A liturgical event, Passion charges no entry fee, and buckets at the end are proffered gently rather than insistently. In theory, it is the perfect antidote to a comedy-saturated Fringe. However in practice, Passion is overly self-conscious, containing several jarring elements.
The performance is structured around Guite’s poems, read by the poet himself. Their relation to the choreography is sometimes unclear, and some contemporary references—for example, ‘ground zero’—appear contrived. Saxophone and oboe echo beautifully within the space, but an amplified guitar seems like a misguided attempt to establish the contemporary credentials of the piece. Similarly, while it is understandable that a re-interpretation is keen to avoid the nativity-style costumes of old, the outfits are so strange as to be genuinely distracting: a shiny business suit; a sequin-hemmed dress paired with wellington boots.
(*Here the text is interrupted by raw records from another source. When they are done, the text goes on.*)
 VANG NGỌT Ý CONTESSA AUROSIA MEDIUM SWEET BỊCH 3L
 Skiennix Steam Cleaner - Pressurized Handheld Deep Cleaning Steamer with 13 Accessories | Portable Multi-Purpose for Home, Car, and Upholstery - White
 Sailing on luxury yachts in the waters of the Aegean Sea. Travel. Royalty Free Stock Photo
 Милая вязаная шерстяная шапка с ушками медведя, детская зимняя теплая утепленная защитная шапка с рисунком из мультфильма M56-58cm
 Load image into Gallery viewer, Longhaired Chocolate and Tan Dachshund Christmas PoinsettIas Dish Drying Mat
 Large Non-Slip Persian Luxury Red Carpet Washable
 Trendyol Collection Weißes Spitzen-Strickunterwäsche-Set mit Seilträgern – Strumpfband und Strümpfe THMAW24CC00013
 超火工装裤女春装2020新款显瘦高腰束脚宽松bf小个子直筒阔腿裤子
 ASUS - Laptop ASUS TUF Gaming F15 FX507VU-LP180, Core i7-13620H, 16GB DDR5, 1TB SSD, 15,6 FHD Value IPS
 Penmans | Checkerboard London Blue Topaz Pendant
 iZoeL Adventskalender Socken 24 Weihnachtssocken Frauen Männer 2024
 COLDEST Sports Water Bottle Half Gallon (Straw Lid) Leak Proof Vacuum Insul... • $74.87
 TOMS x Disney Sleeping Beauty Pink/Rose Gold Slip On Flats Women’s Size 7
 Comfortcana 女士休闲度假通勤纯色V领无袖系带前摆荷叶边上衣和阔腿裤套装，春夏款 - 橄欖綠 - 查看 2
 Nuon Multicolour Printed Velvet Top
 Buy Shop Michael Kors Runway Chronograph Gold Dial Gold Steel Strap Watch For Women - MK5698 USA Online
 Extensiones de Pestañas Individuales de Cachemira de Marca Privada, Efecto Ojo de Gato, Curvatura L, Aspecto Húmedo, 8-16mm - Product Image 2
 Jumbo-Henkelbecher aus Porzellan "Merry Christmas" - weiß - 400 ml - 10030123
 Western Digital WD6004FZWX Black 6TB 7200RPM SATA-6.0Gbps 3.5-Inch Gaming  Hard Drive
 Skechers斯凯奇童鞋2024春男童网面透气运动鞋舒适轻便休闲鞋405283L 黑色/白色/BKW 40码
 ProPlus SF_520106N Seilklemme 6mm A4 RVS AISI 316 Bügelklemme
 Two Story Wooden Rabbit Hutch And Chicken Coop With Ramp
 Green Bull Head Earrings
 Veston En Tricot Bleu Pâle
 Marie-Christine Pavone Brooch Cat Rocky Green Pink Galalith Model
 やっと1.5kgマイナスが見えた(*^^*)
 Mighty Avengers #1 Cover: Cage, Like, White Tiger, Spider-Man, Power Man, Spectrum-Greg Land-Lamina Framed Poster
What can be praised is the innovative staging; the movement between locations, led by several performers who sit amongst the audience, creates a reverential atmosphere. The Cathedral setting, stunning and sombre, is perfect, and a silent ending is a high point, conveying yet denying closure. The choreography has nice moments of stillness, though a scene with nudity seems designed only for shock value, as does a kiss between the dancers.
To criticise Passion as a performance piece, is not to deny its potential religious impact; a few members of the audience appear very moved. However, the promise suggested by Passion’s premise remains unrealised.